Realists often hold that statesmen tend towards realism whereas realism is deeply unpopular among the public. When statesmen take actions that divert from realist policies, academic realists often argue that this is due to distortions that stem from domestic politics. However, some research suggests that realist policies are actually popular among the public whereas elites are more beholden to liberal ideas. Abrahamsen suggested that realpolitik for middle powers can include supporting idealism and liberal internationalism.

At the 2026 World Economic Forum, Canadian Prime Minister Mark Carney's speech framed international relations through the lens of realism, outlining an approach called "values-based realism," a concept he attributed to Finnish President Alexander Stubb. Quoting Thucydides, Carney stated that "the strong do what they can, and the weak must suffer what they must," to describe what he called a "brutal reality" where the post-World War II rules-based international order no longer applied.

==Historical branches and antecedents==

While realism as a formal discipline in international relations did not arrive until World War II, its primary assumptions have been expressed in earlier writings. Realists trace the history of their ideas back to classical antiquity, beginning with Thucydides ( 5th century BCE).

Historian Jean Bethke Elshtain traces the historiography of realism:
The genealogy of realism as international relations, although acknowledging antecedents, gets down to serious business with Machiavelli, moving on to theorists of sovereignty and apologists for the national interest. It is present in its early modern forms with Hobbes's Leviathan (1651).

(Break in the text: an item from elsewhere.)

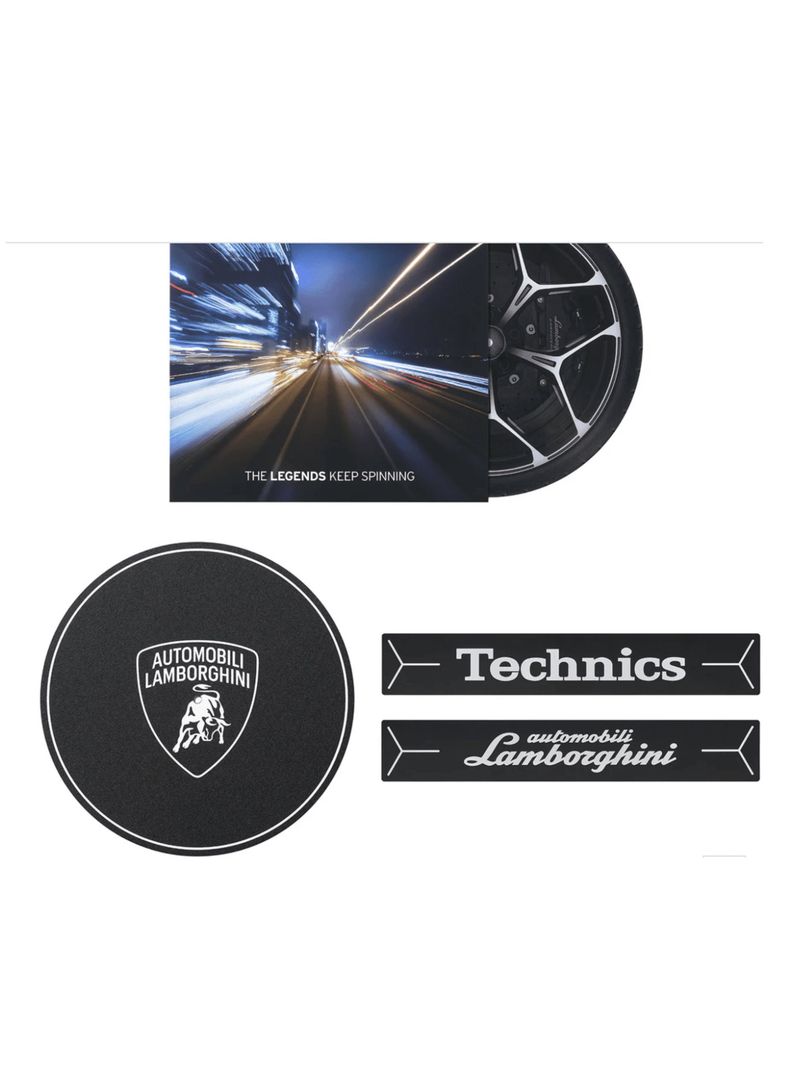 Tornamesa Technics SL-1200 Lamborghini Edition Verde-3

Modern realism began as a serious field of research in the United States during and after World War II. This evolution was partly fueled by European war migrants like Hans Morgenthau, whose work Politics Among Nations is considered a seminal development in the rise of modern realism. Other influential figures were George F. Kennan (known for his work on containment), Nicholas Spykman (known for his work on geostrategy and containment), Herman Kahn (known for his work on nuclear strategy) and E. H. Carr.

===Classical realism===

Classical realism states that it is fundamentally the nature of humans that pushes states and individuals to act in a way that places interests over ideologies. Classical realism is an ideology defined as the view that the "drive for power and the will to dominate [that are] held to be fundamental aspects of human nature". Prominent classical realists:
- E. H. Carr
- Hans Morgenthau
- Reinhold Niebuhr – Christian realism
- Raymond Aron
- George Kennan

===Liberal realism or the English school of rationalism===

The English school holds that the international system, while anarchical in structure, forms a "society of states" where common norms and interests allow for more order and stability than that which may be expected in a strict realist view. Prominent English School writer Hedley Bull's 1977 classic, The Anarchical Society, is a key statement of this position.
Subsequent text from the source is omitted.